[About this task] Below, find the line containing "SHIRLEY BROWN Woman"; from there to the final line, print every line exactly and skip the pictures.

[Data section]
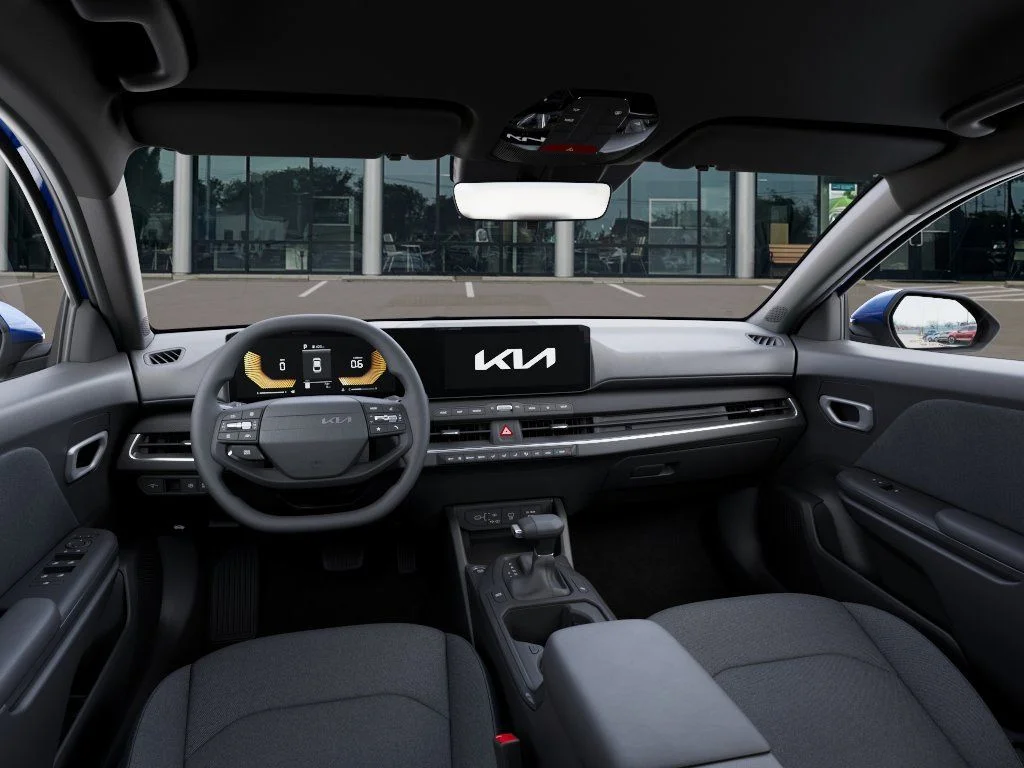 New 2026 Deep Sea Blue Kia LXS image 15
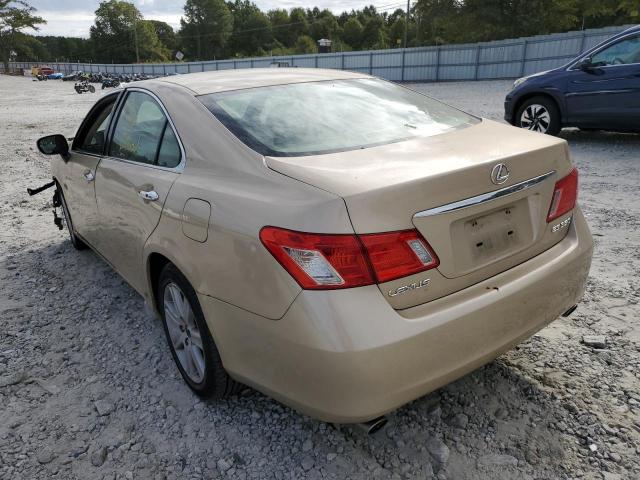 Photo 3 from auction – 2007 LEXUS ES 350 with VIN JTHBJ46G872065855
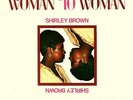 SHIRLEY BROWN Woman To Woman Vinyl Record Album LP Stax R&B Soul And Pop Music
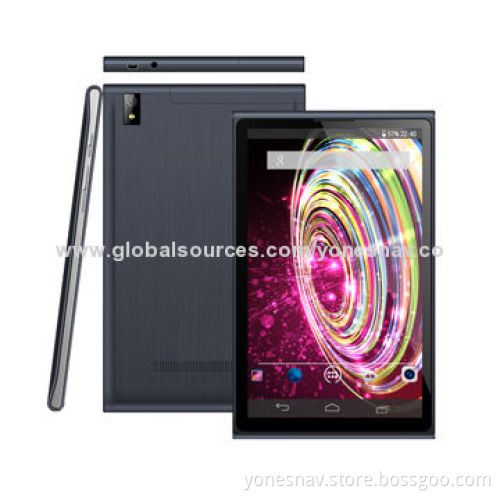 7-inch Tablet PCs, Quad-core, IPS Screen, Supports Wi-Fi, Bluetooth, GPS, 3G, NFC, 2,800mAh Capacity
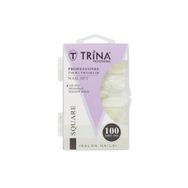 Trina TRNNAIL0004 Square 100 Adet Takma Tırnak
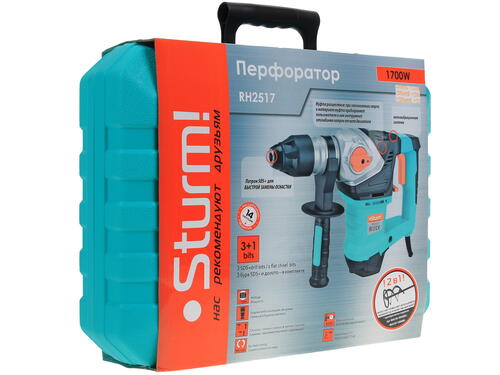 Купить Перфоратор Sturm! RH2517  1086061. Характеристики, отзывы и цены в Донецке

[Solution to the exercise]
 SHIRLEY BROWN Woman To Woman Vinyl Record Album LP Stax R&B Soul And Pop Music
 7-inch Tablet PCs, Quad-core, IPS Screen, Supports Wi-Fi, Bluetooth, GPS, 3G, NFC, 2,800mAh Capacity
 Trina TRNNAIL0004 Square 100 Adet Takma Tırnak
 Купить Перфоратор Sturm! RH2517  1086061. Характеристики, отзывы и цены в Донецке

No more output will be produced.